Even though most of these points will be reused at the subsequent iterations so that the number of function evaluations needed per iteration is tiny~(see Section~\ref{ssec:iptset}), we must perform~$(n + 1)(n + 2) / 2$ function evaluations during the very first iteration.
This is impracticable unless~$n$ is small, which motivates the underdetermined quadratic interpolation.

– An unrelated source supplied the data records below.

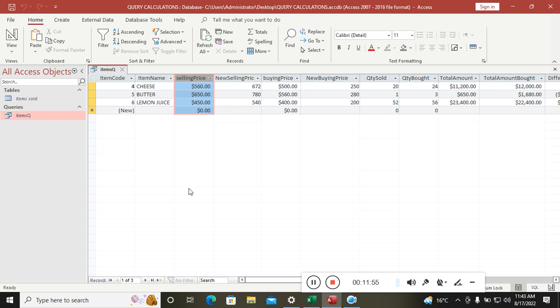So guys, that's how you perform calculations — addition, subtraction, division, and multiplication — using Microsoft Access queries. Remember to subscribe, like, comment on my videos, and share them with your friends. Thank you very much.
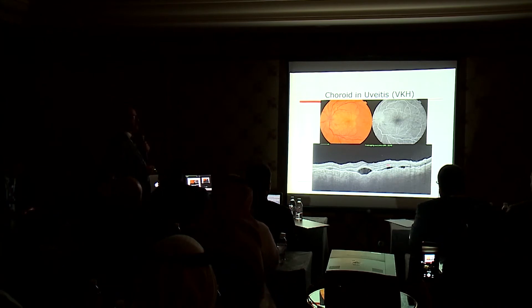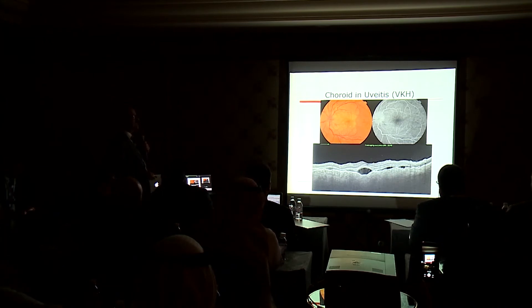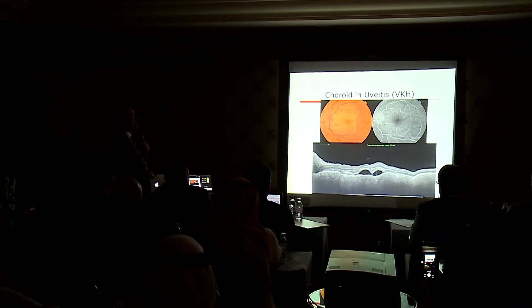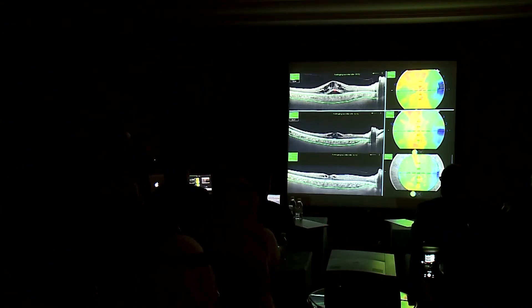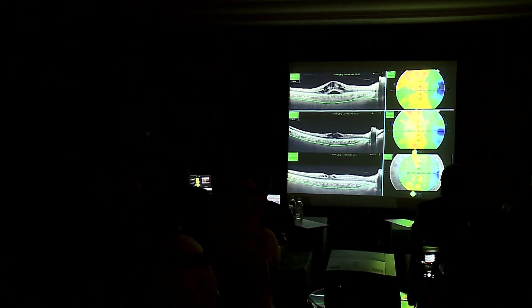In Harada disease, there are multifocal choroidal inflammatory lesions pushing the retina with sensory detachment. We used to follow up only the macular edema, but nowadays we can follow up the choroidal thickening and taper steroids depending on the choroidal thickening, not on the retinal thickening.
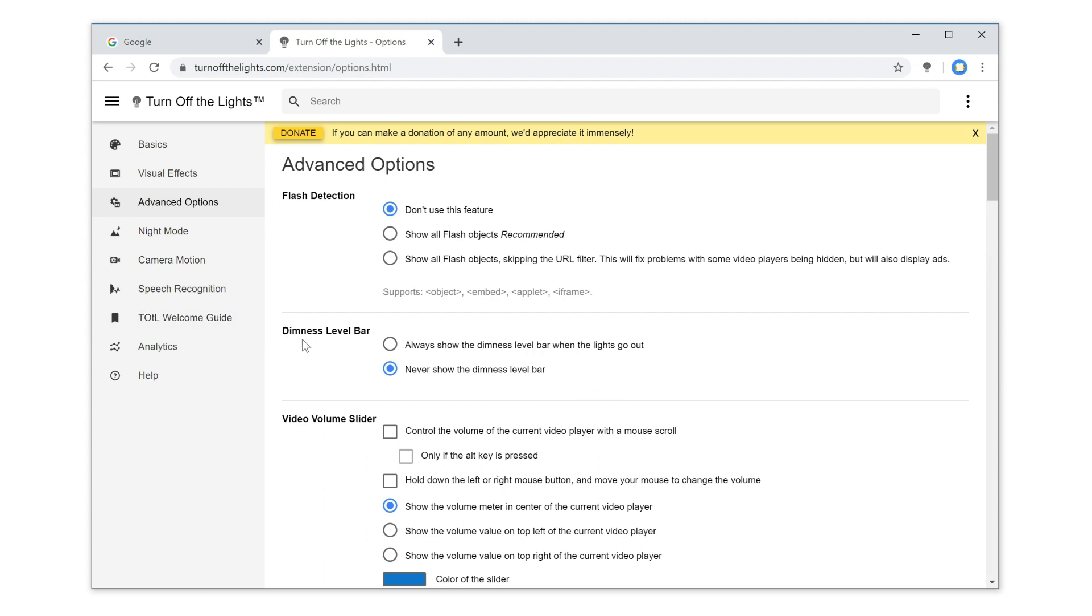And on the top of this web page, you see the topic Dimness Level Bar. Enable here the first radio button to see this opacity slider when you dim the web page.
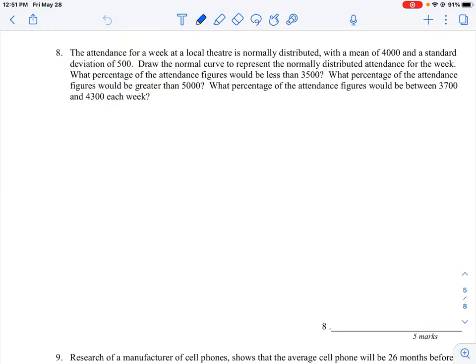Let's take a look at question number eight and how we can interpret a set of data in terms of what's called our standard normal distribution. We have a population sample and we're told that the mean of this data is 4,000 and we have a standard deviation of 500. We need to represent this information in terms of a normal curve, calculate some percentages for different values, and look at what those numbers mean.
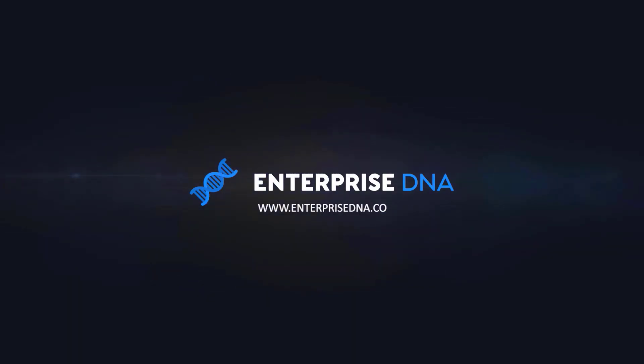We have a huge amount of content coming out all the time from myself and a range of content creators, all dedicated to improving the way that you use Power BI and the Power Platform. Lastly, check out Enterprise DNA's website. Plenty of resources and further learning that you can access very easily. All the best. Take care. Bye-bye.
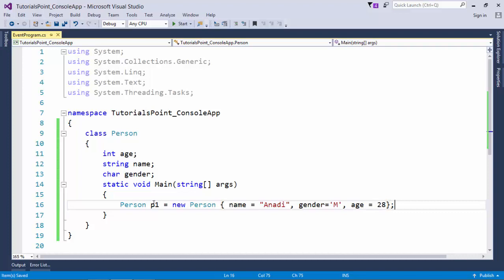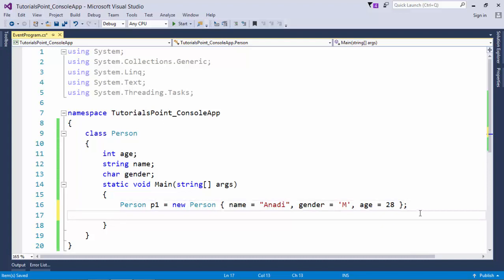This is how you can initialize any object by these object initializers where you can pass the named property along with the value and you can separate multiple properties or multiple data members by a comma. So you can start initializing the objects like this now.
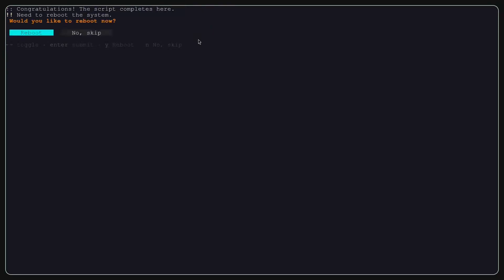After finishing the script successfully, it will ask you to reboot. Just reboot your system and log in back.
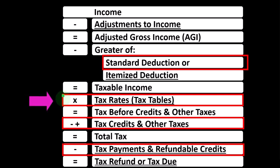Now, we talked about dependents in a prior presentation. Usually, like with the filing statuses, it's pretty straightforward to determine if someone is a dependent or not.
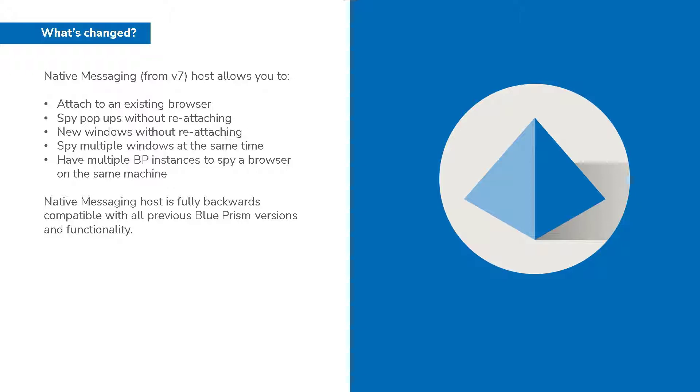Version 7 with native messaging host is fully backward compatible with all previous versions and functionality. But with these improvements there may be fewer occasions that now necessitate an attach built into your process.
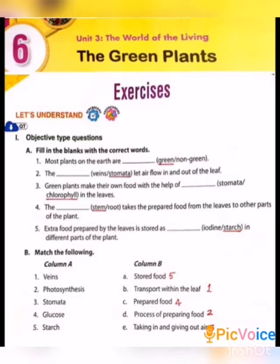Okay, we match the following. First one: Veins. What is the function of veins? Veins transport the substances — so veins transport within the leaf. Next: Photosynthesis. Photosynthesis means the process of preparing food.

\paragraph{Underdetermined quadratic interpolation.}
In this case, models are established according to the interpolation condition~\eqref{eq:itpls} with~$\abs{\xpt}$ being less than \modified{or equal to}~$(n + 1)(n + 2) / 2$, the remaining degrees of freedom being taken up by minimizing a certain functional~$\func_k$ to promote the regularity of the quadratic model.
More specifically, this means building~$\objm$ by solving
\begin{equation}
\label{eq:undqitp}
\min_{Q \in \qspace} ~ \func_k(Q) \quad \st \quad Q(y) = \obj(y), ~ y \in \xpt,
\end{equation}
where~$\qspace$ is the space of polynomials on~$\R^n$ of degree at most~\num{2}.
\Gls{newuoa}, \gls{bobyqa}, and \gls{lincoa} construct quadratic models in this way, with
\begin{equation}
\label{eq:leastchange}
\func_k(Q) = \norm[\big]{\nabla^2 Q - \nabla^2 \objm[k - 1]}_{\frob}^2,
\end{equation}
which is inspired by the least-change property of quasi-Newton updates~\cite{Dennis_Schnabel_1979}, although other functionals are possible~(see\modified{, e.g.,}~\cite{Conn_Toint_1996,Bandeira_Scheinberg_Vicente_2012,Powell_2013,Zhang_2014,Xie_Yuan_2023}).
The first model~$\objm[1]$ is obtained by setting~$\objm[0] = 0$.
Powell~\cite{Powell_2013} referred to his approach as the \emph{symmetric Broyden update} of quadratic models~(see also~\cite[\S~3.6]{Zhang_2012} and~\cite[\S~2.4.2]{Ragonneau_2022}).
It can be regarded as a derivative-free version of \gls{psb} quasi-Newton update~\cite{Powell_1970b}, which minimizes the functional~$\func_k$ among all quadratic polynomials that fulfill~$Q(\iter) = \obj(\iter)$, $\nabla Q(\iter) = \nabla \obj(\iter)$, and~$\nabla Q(\iter[k - 1]) = \nabla \obj(\iter[k - 1])$~(see~\cite[Theorem~4.2]{Dennis_Schnabel_1979}), with~$\iter$ and~$\iter[k - 1]$ being the current and the previous iterates, respectively.
The interpolation problem~\eqref{eq:undqitp}--\eqref{eq:leastchange} is a convex quadratic programming problem with respect to the coefficients of the quadratic model.
\paragraph{Solving the interpolation problem.}
Powell's algorithms do not solve the interpolation problems~\eqref{eq:litpls}, \eqref{eq:qitpls}, and~\eqref{eq:undqitp}--\eqref{eq:leastchange} from scratch.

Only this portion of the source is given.